Bachelor and Master Thesis
General Information
Our team offers bachelor and master thesis topics as well as student projects to be written in English. There are quarterly info sessions where we explain the process of writing a thesis with our team.
The last info session took place on April 5th, 2023. Here you can find the slides (part I, part II) and the recording (part I, part II) of the previous session.
For the current topic list, see below. Furthermore, find here a summary of guidelines for working on your thesis with us.
Important Dates
05.04.2023: Info session at 11:30
26.04.2023: Expression of interest
28.04.2023: Topic assignment
26.05.2023: Research proposal submission
01.06.2023: Official start (if proposal sufficient)
Formatting
Please consider the following hints and guidelines for working on your thesis:
- The thesis has to be written using the \documentclass[preprint,review,12pt]{elsarticle} Latex template. You can use the overleaf template for writing your thesis.

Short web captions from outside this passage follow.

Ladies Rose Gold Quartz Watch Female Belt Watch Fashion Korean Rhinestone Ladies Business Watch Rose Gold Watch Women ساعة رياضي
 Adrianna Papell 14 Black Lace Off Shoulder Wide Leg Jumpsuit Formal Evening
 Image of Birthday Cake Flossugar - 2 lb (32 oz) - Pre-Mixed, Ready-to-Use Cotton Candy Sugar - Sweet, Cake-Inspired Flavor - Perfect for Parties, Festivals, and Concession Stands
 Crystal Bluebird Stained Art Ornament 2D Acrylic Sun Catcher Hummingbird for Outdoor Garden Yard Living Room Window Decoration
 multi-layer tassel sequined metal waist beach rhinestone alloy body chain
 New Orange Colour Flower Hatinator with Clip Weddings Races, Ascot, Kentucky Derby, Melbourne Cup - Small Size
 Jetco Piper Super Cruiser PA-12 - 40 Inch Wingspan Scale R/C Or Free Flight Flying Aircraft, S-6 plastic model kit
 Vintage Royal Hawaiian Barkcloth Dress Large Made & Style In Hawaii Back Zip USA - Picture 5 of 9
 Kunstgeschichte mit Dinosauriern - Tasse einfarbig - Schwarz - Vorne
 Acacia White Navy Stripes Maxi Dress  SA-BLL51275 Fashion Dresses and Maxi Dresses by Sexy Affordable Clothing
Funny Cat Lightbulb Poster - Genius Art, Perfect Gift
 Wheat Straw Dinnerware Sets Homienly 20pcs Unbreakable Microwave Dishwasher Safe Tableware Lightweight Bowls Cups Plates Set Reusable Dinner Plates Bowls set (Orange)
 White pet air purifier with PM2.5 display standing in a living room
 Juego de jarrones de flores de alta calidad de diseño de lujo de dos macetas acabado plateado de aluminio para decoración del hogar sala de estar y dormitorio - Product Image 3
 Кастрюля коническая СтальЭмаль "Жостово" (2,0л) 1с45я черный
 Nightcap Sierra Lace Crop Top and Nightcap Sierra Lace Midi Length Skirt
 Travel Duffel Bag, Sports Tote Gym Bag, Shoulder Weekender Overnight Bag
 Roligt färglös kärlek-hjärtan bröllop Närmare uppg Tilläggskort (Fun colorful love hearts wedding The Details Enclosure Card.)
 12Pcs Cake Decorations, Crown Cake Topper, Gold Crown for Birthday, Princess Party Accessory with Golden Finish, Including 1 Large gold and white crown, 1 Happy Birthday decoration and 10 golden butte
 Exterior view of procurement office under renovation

- Page limits are as follows
- page limit is for Bachelor Informatik 40 pages and for Kombibachelor Lehramt Informatik 30 pages
- page limit is for Master Informatik 80 pages and for Master Information Systems 60 pages
- The limits do not include cover, table of content, references, and appendices.
Prerequisites
The candidate is expected to be familiar with the general rules of writing a scientific paper. Some general references are helpful for framing any thesis, no matter which topic:
- Wil van der Aalst: How to Write Beautiful Process and Data Science Papers? Archive Report (2022).
-
Jan Recker: Scientific Research in Information Systems: A Beginner's Guide . Springer, Heidelberg, Germany (2021).
-
Jan Mendling, Benoit Depaire, Henrik Leopold: Theory and Practice of Algorithm Engineering . Archive Report (2021).
-
Claes Wohlin, Pär Runeson, Martin Höst, Magnus Ohlsson, Björn Regnell, Anders Wesslén Experimentation in software engineering . Springer Science & Business Media (2012).
-
Ken Peffers, Tuure Tuunanen, Marcus A. Rothenberger, Samir Chatterjee: A Design Science Research Methodology for Information Systems Research . J of Management Information Systems 24(3): 45-77 (2008).
-
Barbara Kitchenham, Rialette Pretorius, David Budgen, Pearl Brereton, Mark Turner, Mahmood Niazi, Stephen G. Linkman: Systematic literature reviews in software engineering - A tertiary study . Information & Software Technology 52(8): 792-805 (2010).
-
Lagendijk, Ad. Survival Guide for Scientists: Writing, Presentation, Email . Amsterdam University Press (2008).
-
Adam LeBrocq: Journal of the Association for Information Systems Style Guide. http://aisel.aisnet.org/jais/JAIS_Style_Guide_2013.pdf
In agreement with the supervisor an individual list of expected readings should be studied by the student in preparation of the actual work on the thesis.
Grading
The grading of the thesis takes various criteria into account, relating both to the thesis as a product and the process of establishing its content. These include, but are not limited to:
-
Correctness of spelling and grammar
-
Aesthetic appeal of documents and figures
-
Compliance with formal rules
-
Appropriateness of thesis structure
-
Coverage of relevant literature
-
Appropriateness of research question and method
-
Diligence of own research work
-
Significance of research results
-
Punctuality of work progress
-
Proactiveness of handling research progress
Recent Topics
If you are interested in one of the following topics, please send an email expressing your interest to Dr. Saimir Bala (firstname[dot]lastname[at]hu-berlin.de). Please explain why this topic is interesting for you and how it fits your prior studies. Also explain what are your strengths in your studies and in which semester of your studies you are.
The next deadline is 26 April 2023.
Topic 1: Federated Learning for Process Monitoring (Bachelor/Master)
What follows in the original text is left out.